90 Minuten, 6 Kandidaten, 3 Journalisten. Es war die einzige
Veranstaltung im Wahlkampf, bei der die Top-Kandidaten der sechs
größten Fraktionen im Europaparlament gegeneinander zum Rededuell
antraten. Je 60 Sekunden Zeit für eine Antwort hatten Weber, Frans
Timmermans (Sozialdemokraten), Margrethe Vestager (Liberale), Ska
Keller (Grüne), Nico Cué (Linke) und Jan Zahradil
(Liberal-Konservative Reformer). Moderiert wurde die Debatte unter
anderen vom deutschen ARD-Journalisten Markus Preiß.

DER INHALT:

Für die Auswahl der Themen war die Europäische Rundfunkunion
zuständig, ein Zusammenschluss Dutzender Rundfunkanstalten aus 56
europäischen Staaten. Die Macher waren um ein möglichst breites
Programm bemüht. Unter anderem ging es um Arbeitslosigkeit,
Migration, Klimawandel und Europas Rolle in der Welt. Das sind in
etwa die Themen, die Europäern jüngsten Umfragen zufolge am meisten
unter den Nägeln brennen.

DIE STREITPUNKTE:

Einmal mehr sorgte der Kampf gegen den Klimawandel für Streit.
Timmermans und Keller warfen Weber vor, seine Partei trete bei dem
Thema auf die Bremse. Timmermans forderte abermals eine Steuer auf
Flugbenzin sowie eine CO2-Steuer für alle Unternehmen. Zugleich
versuchte er bei dem Thema eine Allianz mit den Grünen und den Linken
zu schmieden. Sein Appell: «Lasst uns dafür sorgen, dass die nächste

EU-Kommission das Thema an die Spitze der Agenda setzt.» Weber lehnt
die verpflichtende Abgabe auf den Ausstoß von klimaschädlichem
Kohlendioxid ab und setzt auf Innovation.

Auch ansonsten wurden Unterschiede zwischen den Kandidaten deutlich.
Jan Zahradil von den Liberal-Konservativen Reformern forderte etwa,
die EU-Kommission solle sich weniger in die Angelegenheiten der
Mitgliedstaaten einmischen.
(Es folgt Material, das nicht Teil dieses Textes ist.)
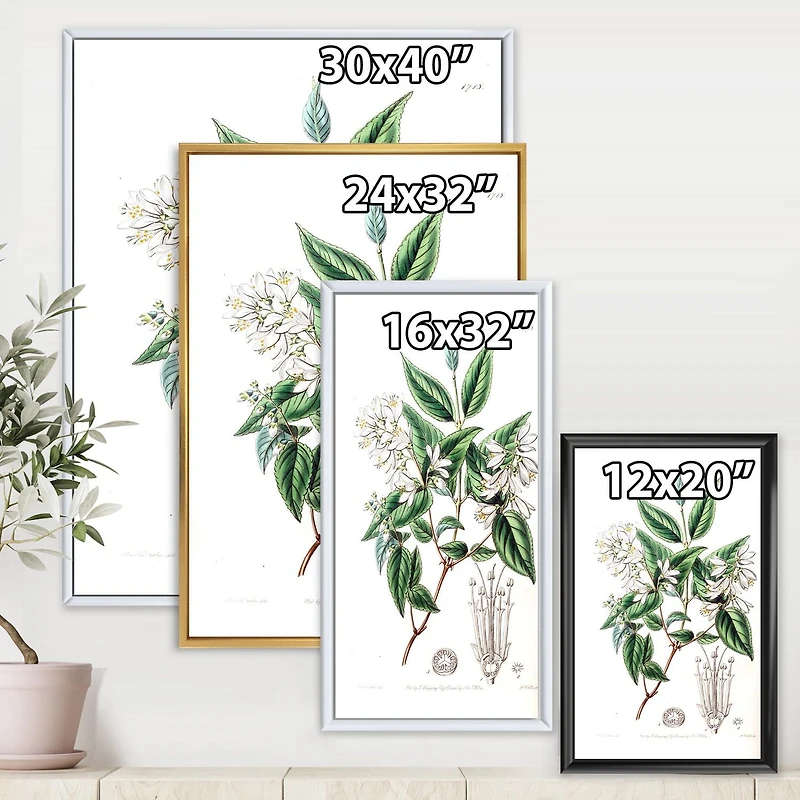 Designart Vintage Botanicals X FLOAT FRAME WALL ART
Zudem lehnte er es ab, dass jeder
EU-Staat Asylbewerber aufnehmen sollte. Timmermans, Keller, Vestager
und Cué sprachen sich hingegen dafür aus.
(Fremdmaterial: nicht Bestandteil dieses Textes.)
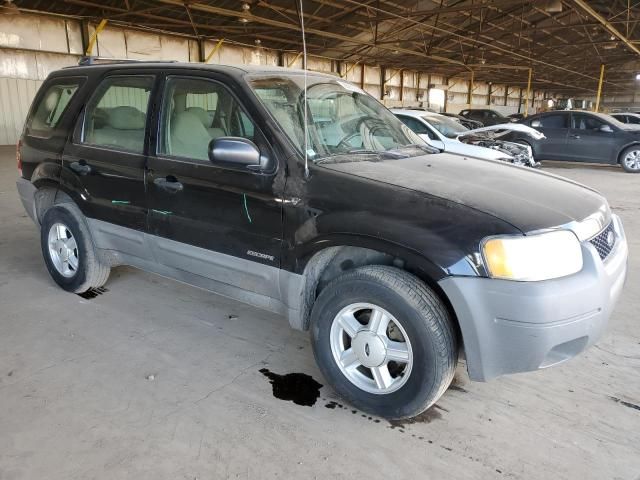 2001 Ford Escape XLT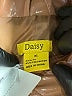 Daisy Brown Vest Size XL - photo 6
WIE DIE KANDIDATEN SICH GESCHLAGEN HABEN:

Innerhalb der 90 Minuten hatte jeder Einzelne nur wenig Zeit. Vor
allem für weniger informierte Zuschauer lieferte der Abend aber einen
guten Überblick. Die meisten Verbalangriffe musste Weber parieren -
was ihm meist gelang. Eigene Akzente konnte er aber kaum setzen. Dies
gelang eher Timmermans, der für Vorschläge wie das Wahlrecht ab 16
Jahren lauten Applaus bekam. Zudem drückte er sich griffig aus - etwa
bei seinem Kommentar zum britischen EU-Austritt: «Schaut euch an, was
der Zwist über den Brexit dem Vereinigten Königreich angetan hat.
Heute sieht Großbritannien aus wie «Game of Thrones» auf Steroiden.
»

Prägnante Wortmeldungen gelangen zwar auch Vestager («Für mich ist
ein Steuerparadies ein Ort, wo Unternehmen ihre Steuern zahlen»),
insgesamt blieb die sonst so schlagfertige Dänin aber eher blass.
Eigene Ideen brachte sie kaum unter.

WER HAT CHANCEN, NÄCHSTER PRÄSIDENT DER EU-KOMMISSION ZU WERDEN?
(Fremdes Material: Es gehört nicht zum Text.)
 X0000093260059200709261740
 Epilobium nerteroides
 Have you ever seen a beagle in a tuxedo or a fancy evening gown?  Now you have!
Als Kandidaten der wohl größten Fraktionen haben Weber und Timmermans
eigentlich die besten Aussichten. Webers EVP dürfte den Vorhersagen
zufolge wieder vor den Sozialdemokraten landen. Die Staats- und
Regierungschefs wollen sich allerdings nicht darauf festlegen, dass
der Spitzenkandidat der stärksten Fraktion auch Kommissionschef wird.
Etliche von ihnen haben sich schon skeptisch gegen dieses Prinzip
geäußert, und letztlich haben sie das Vorschlagsrecht für den Posten.

Deshalb könnten Weber andere in die Quere kommen - etwa der Franzose
Michel Barnier, der sich als Brexit-Chefunterhändler viel Respekt
erarbeitet hat.

NACH DEM DUELL IST VOR DEM DUELL:

Weber und Timmermans haben vergangene Woche bereits in der
ARD-«Wahlarena» miteinander diskutiert. Damals schalteten im Schnitt
2,03 Millionen Zuschauer ein. Das war ein Marktanteil von 6,9
Prozent. Am Mittwoch war das Interesse an den Fernsehbildschirmen
noch geringer. Phoenix schalteten laut Media Control 190 000
Zuschauer ein - ein Marktanteil von 0,7 Prozent. Bei Tagesschau24
waren 30 000 Zuschauer (0,1 Prozent) dabei. Allerdings wurde die
Debatte online auch auf mehreren Seiten gestreamt.

An diesem Donnerstag (20.15 Uhr) präsentieren das ZDF sowie der
österreichische ORF das Rückspiel. Ab 22.15 Uhr diskutieren im ZDF
dann die deutschen Spitzenkandidaten von FDP, Linken, Grünen und AfD.